In this context, the fear that the extension of social support to those with disabilities would encourage fraud was amplified by many centuries of symbolic association of physical disabilities with evil portent, moral failing, and sexual transgression.12 While it may seem illogical that the association of “real” disability with evil would lead to a suspicion that certain disabled persons were faking their conditions, this metaphorical tangle has emerged necessarily from the strenuous efforts to define the boundaries between real and fake disabilities. The extremely contingent nature of disability itself means that any such boundaries are hopelessly fluid, allowing symbolic and actual meanings to bleed freely across them—a process that continues to this day.13 In addition, and through a further tortured logic, the symbolic association of disability with immorality, dishonesty, and laziness is reflected and produced by racist ideologies that associate these characteristics with nonwhite peoples, ideologies voiced in Melville’s novel through such characters as the Indian-hater: “Indian lying, Indian theft, Indian double dealing, Indian fraud and perfidy” (The Confidence Man 126) and descriptions of the evil Goneril, who is repeatedly compared to an “Indian” or “squaw” (50-53). Thus, just as the very fact of Guinea’s disability symbolically suggests he is faking it, so paradoxically the fact of his blackness may symbolically suggest that he must be faking that as well.

In all these cases the tension produced is between inner and outer states of being, a tension that pervades the novel and surfaces in many instances, such as the Philosophical Intelligence Officer’s analogical defense of boys, in which he proceeds “by analogy from the physical to the moral” (The Confidence Man 104), Mark Winsome’s metaphor of the snake’s rattle as a warning “label” (163), and the barber’s disquisition on the false nature of man as seen through the use of wigs, fake mustaches, and hair dyes (199). Mitchell and Snyder thus read Melville’s novel as a critique of the “sciences of the surface,” which dominated both medical and social understandings of the relationship between bodily surfaces and inner essences during the nineteenth century (Cultural Locations 37–39).14 Phrenology, physiognomy, craniometry, and palmistry all claimed to give essential information about a person’s moral character and abilities by examining external features such as head shape and hand contours.
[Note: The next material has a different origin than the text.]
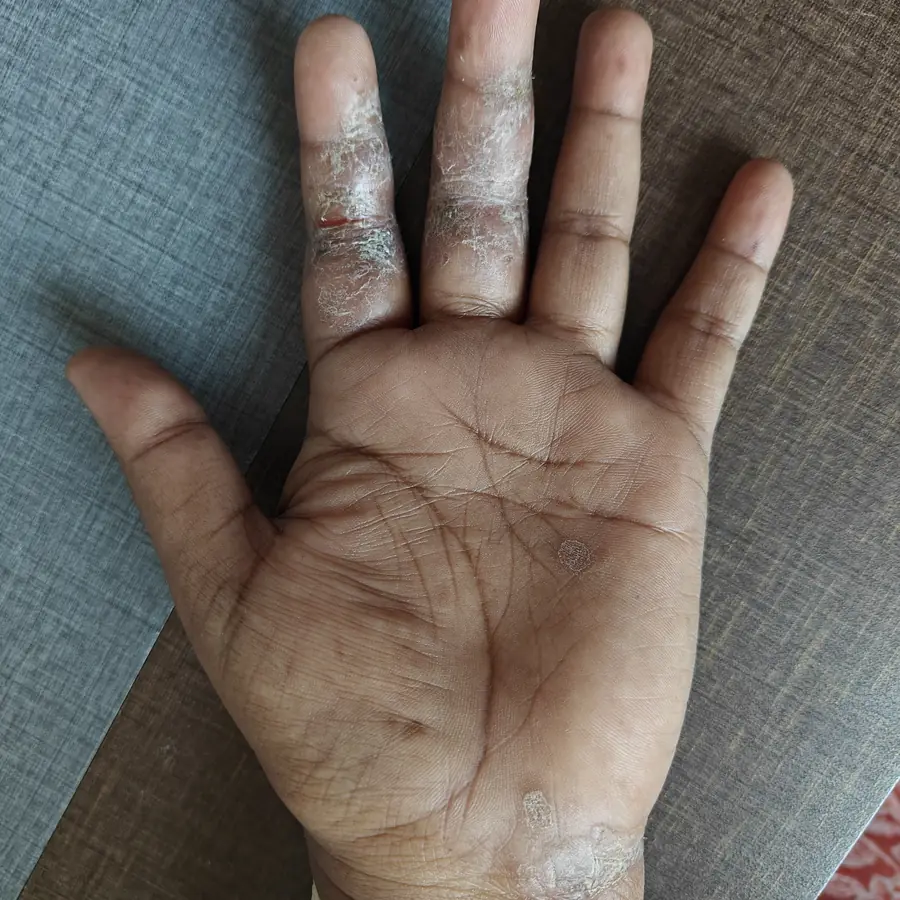 Before: Palmar psoriasis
Indeed much of The Confidence Man lends itself to such a critique; yet the fact that Mitchell and Snyder do not distinguish between real and fake disabilities in their analysis means that its full implications are not yet realized. This becomes an even more urgent issue when we consider how race and disability function in mutually constitutive ways to further undercut the assumptions of surface identifications, not only within the novel but in contemporary critics’ interpretations of its meanings.